- Directed by: Michael McNamara
- Written by: Alan Williams, based on his own plays
- Produced by: Michael McNarmara
- Starring: Alan Williams Deborah Drakeford Oliver Dennis
- Cinematography: Patrick Lobzun
- Edited by: Michael McNarmara
- Music by: Kurt Swinghammer
- Production company: Markham Street Films
- Release date: September 8, 1996 (TIFF);
- Running time: 95 minutes
- Country: Canada
- Language: English

= The Cockroach that Ate Cincinnati =

1996 film by Michael McNamara

The Cockroach that Ate Cincinnati is a Canadian film, released in 1996. Directed by Michael McNamara and starring Alan Williams, the film was an adaptation of Williams' Cockroach trilogy of one-man theatrical shows.

==Synopsis==
Based on a series of plays written by Alan Williams, an aging hippie and rock-fanatic-turned-stand-up-comic who calls himself ‘The Captain’ (Williams; convinces a couple of novice filmmakers, (Deborah Drakeford and Oliver Dennis), to help him record his "pure thoughts" - a filmic testament of his experiences and observations of the past three decades.

What follows are wildly complex, sardonic anecdotes with theories about rock ‘n’ roll, hero-worship, hallucinations, drugs, madness, paranoia, rebellion, nuclear dread, and the search for integrity in a world that's on the brink of cultural and physical destruction.
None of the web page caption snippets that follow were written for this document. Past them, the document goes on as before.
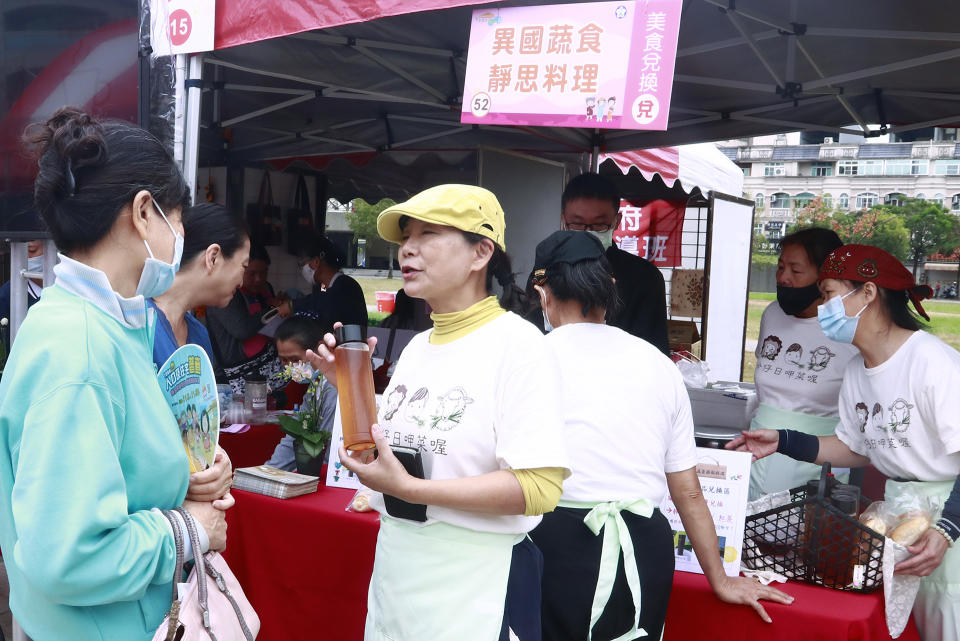 異國蔬食靜思料理攤位上，志工嚴玉女忙著跟民眾介紹推廣蔬食料理。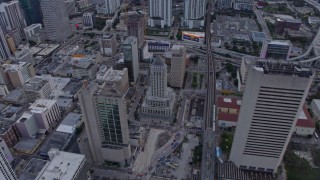 6.7K aerial stock footage reverse view of courthouse and high-rise apartment buildings at sunset, Miami, Florida Aerial Stock Footage | AX0172_183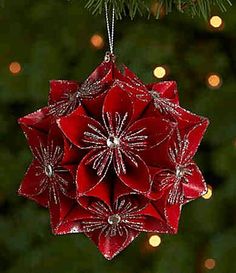 a red ornament hanging from a christmas tree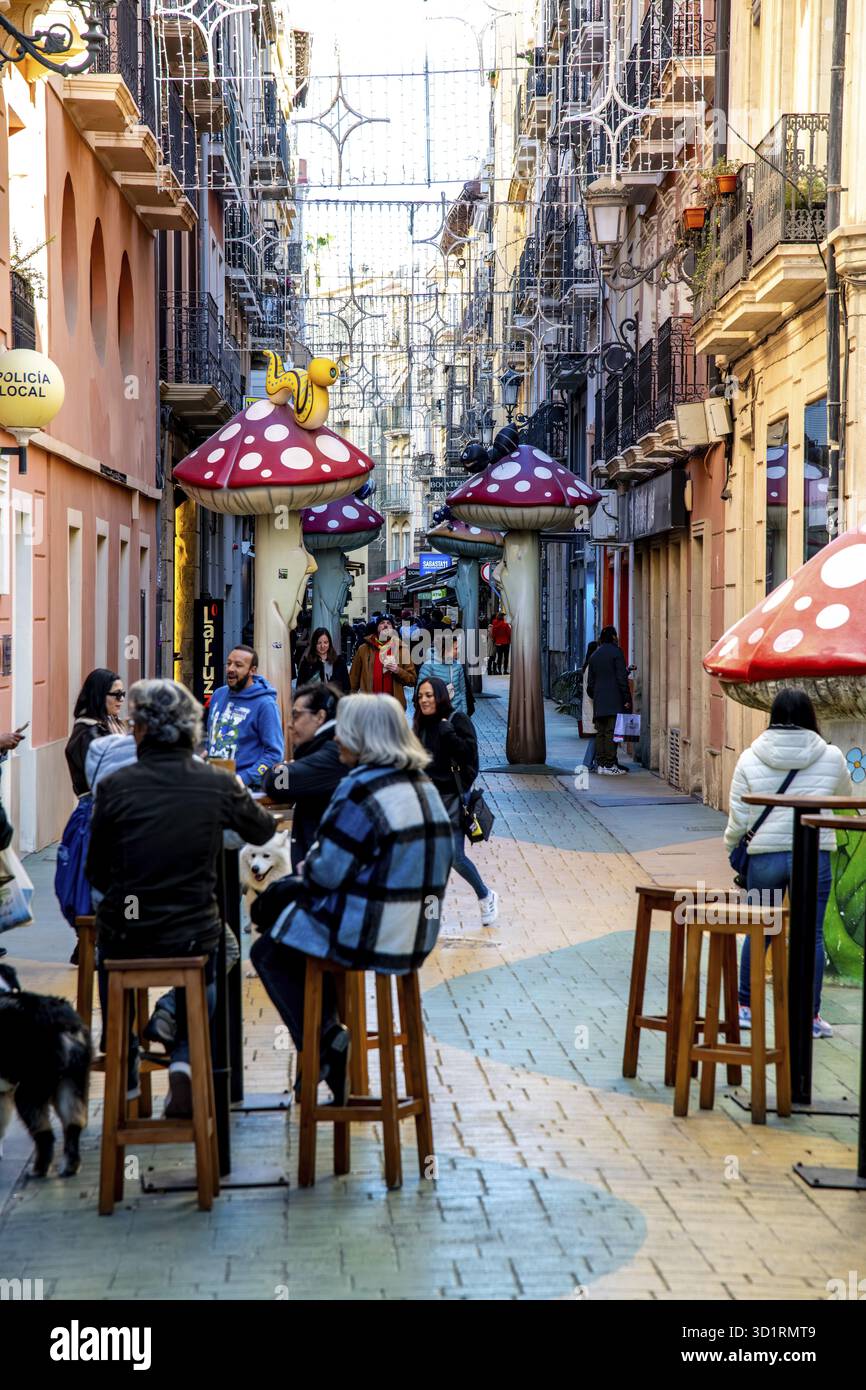 Alicante, Alicante - Spanien - 01-07-2024: Die Gasse von Alicante ist lebhaft mit Fußgängern, skurrilen Kunstinstallationen und Hängeleuchten Stockfoto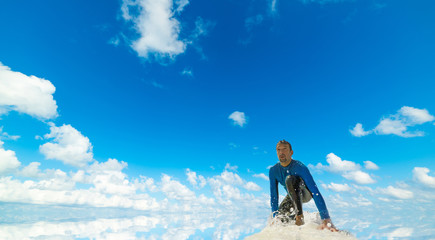 Wall Mural - Surfer under a blue sky with clouds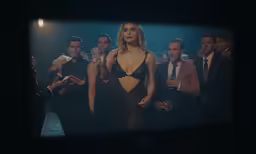 a woman is dressed in a gown and standing among the men
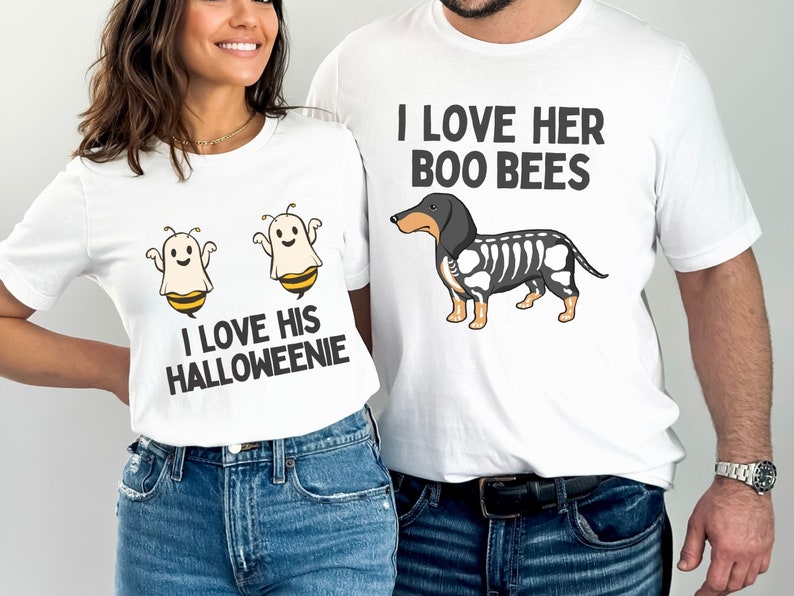 May include: Two white t-shirts with a Halloween-themed couple's design. The woman's shirt features two ghost bees with the text "I love his Halloweenie". The man's shirt features a dachshund with a skeleton design and the text "I love her Boo Bees".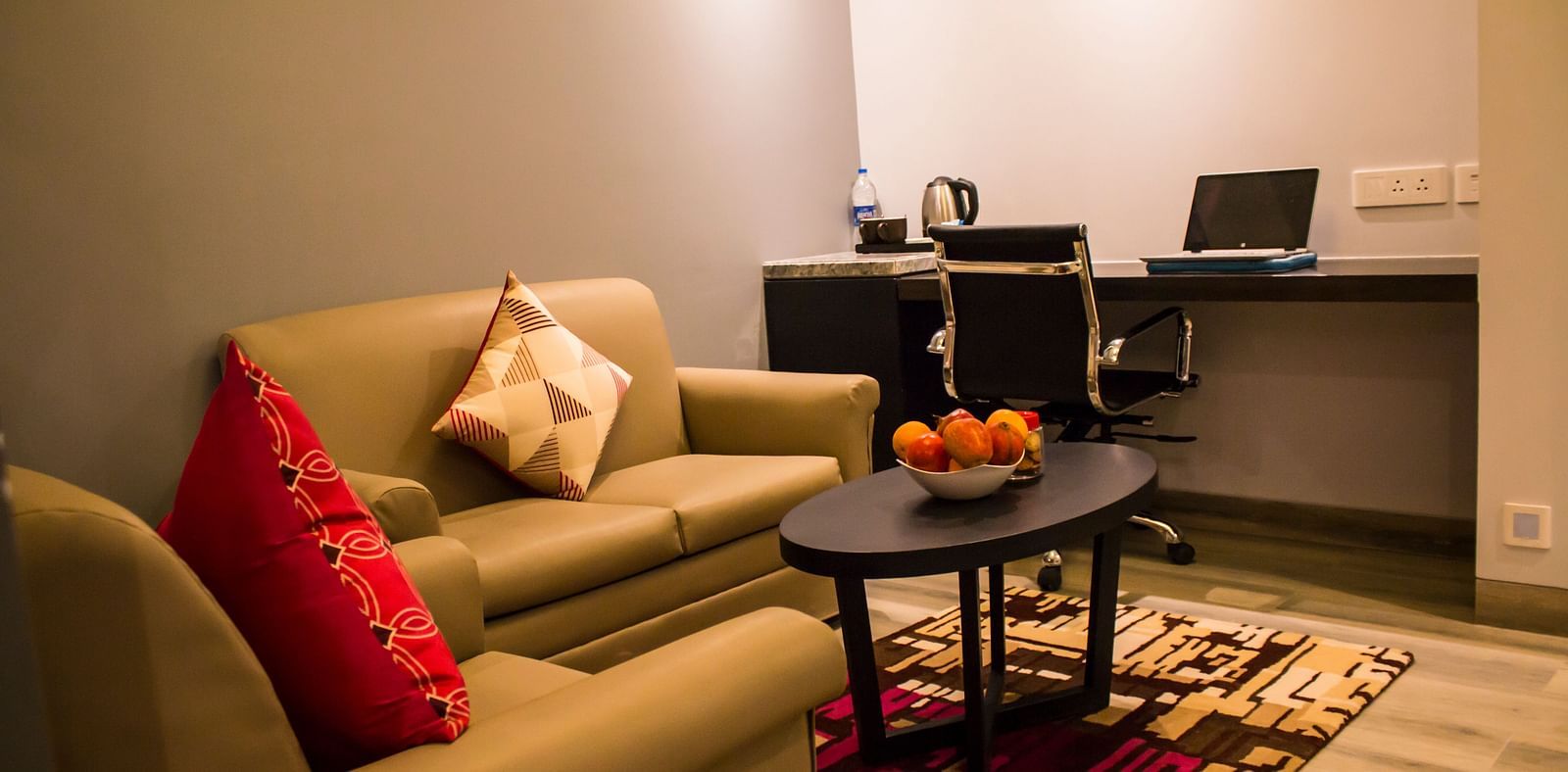 side view image of sofa and table kept inside a hotel room Image of a room with a bed and  pillows arranged on it  along with  a balcony | Regency Tirunelveli By GRT Hotels
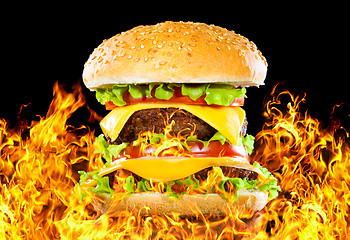 Image showing Tasty hamburger on fire on a dark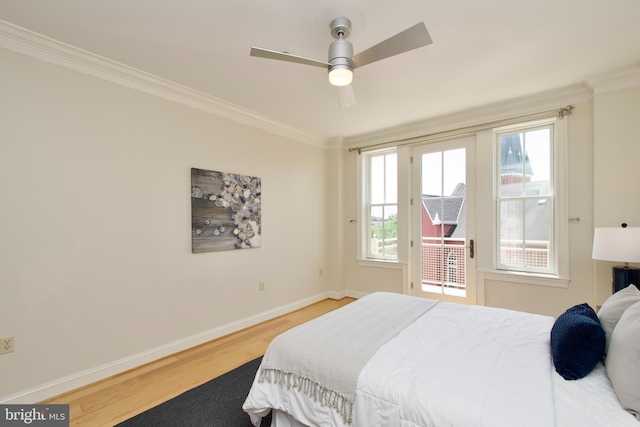 1210 R St NW Unit 313, Washington, DC 20009 - bedroom with access to outside, crown molding, baseboards, wood finished floors, and multiple windows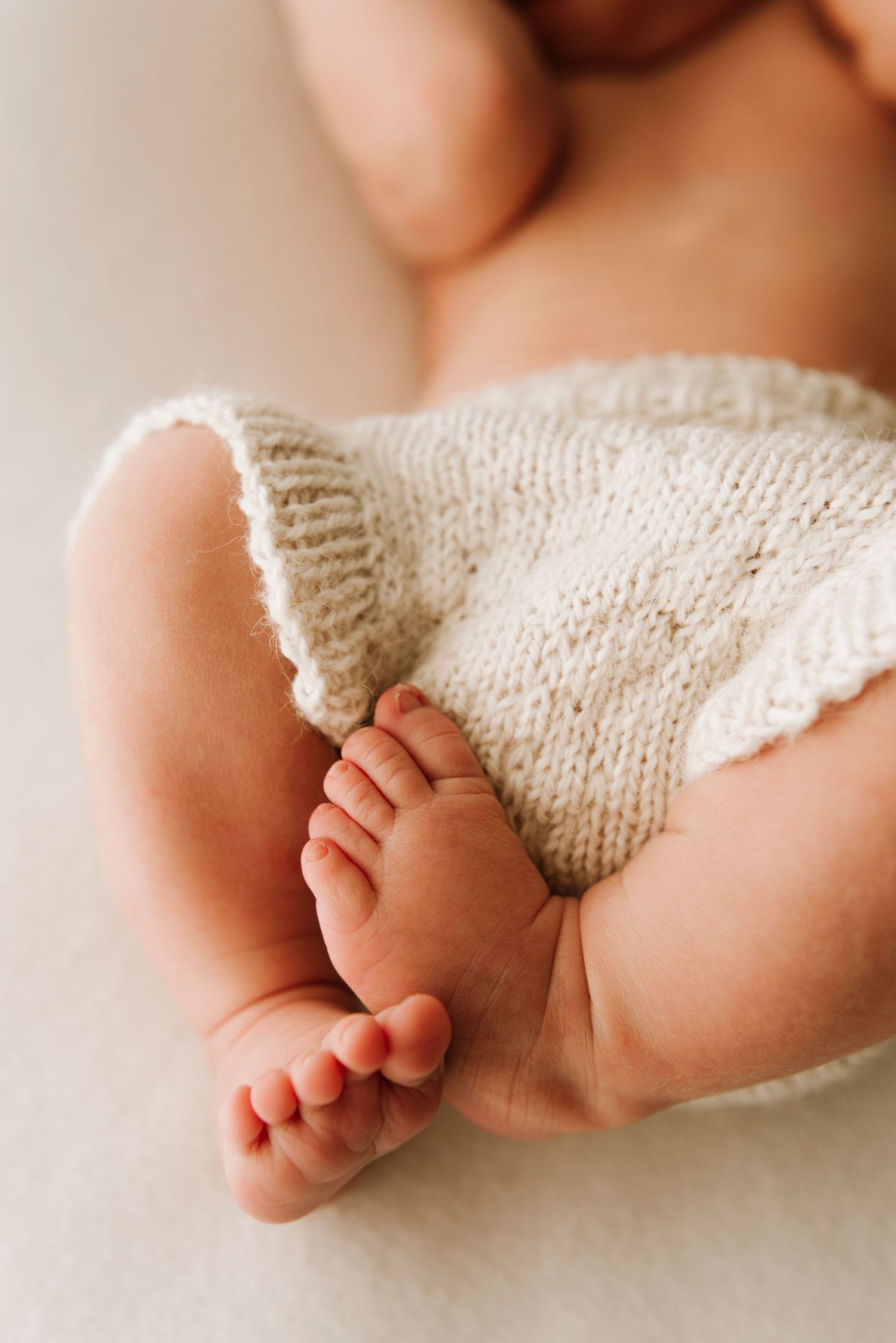 Rose Bay newborn photography detail of baby legs wrapped in soft knit outfit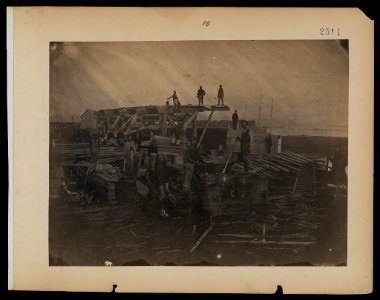 Dockyard at Alexandria, after sunset. Ark builders pitching canvas and laying bottom of ark LCCN2005696802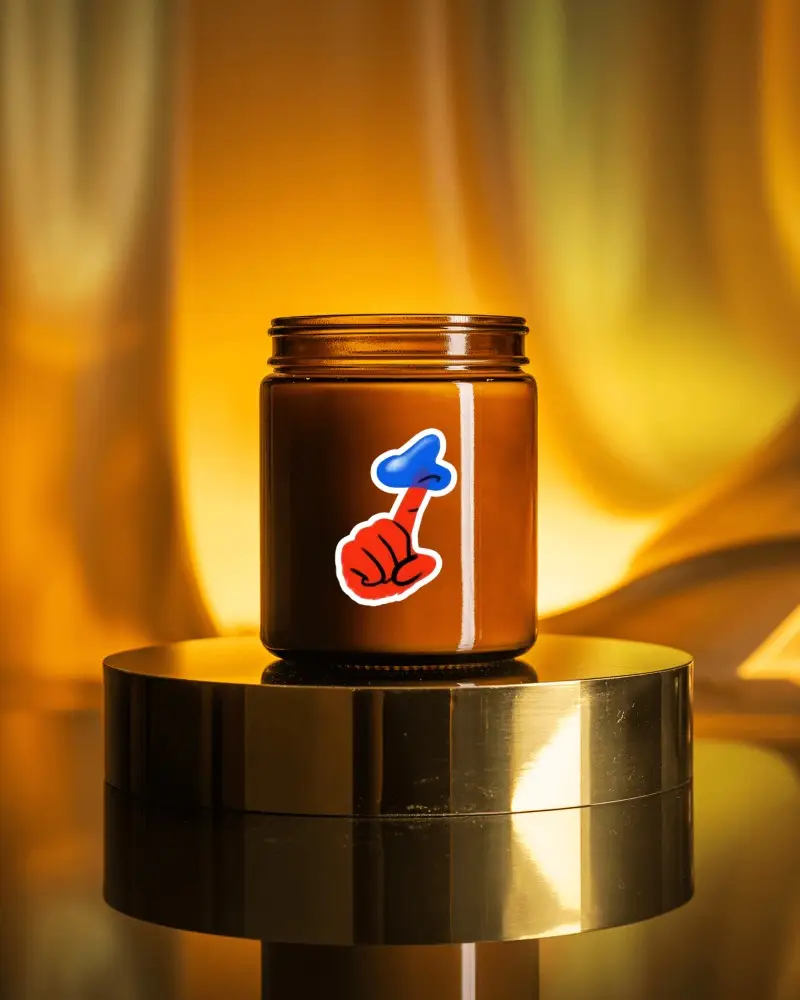Sticker Mockups Amber Glass Jar On Golden Metal Podium With Warm Luxury Backdrop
The title references the 1973 novelty song "The Cockroach That Ate Cincinnati", by Rose and the Arrangement (a.k.a. Possum).

==Cast==
- Alan Williams as The Captain
- Deborah Drakeford as Novice filmmaker
- Oliver Dennis as Novice filmmaker
- Diane Niac
- Peter Steponaitis
- Danielle Pedard
- Michael Olesen

==Reception==
The film garnered Williams a Genie Award nomination for Best Actor at the 18th Genie Awards.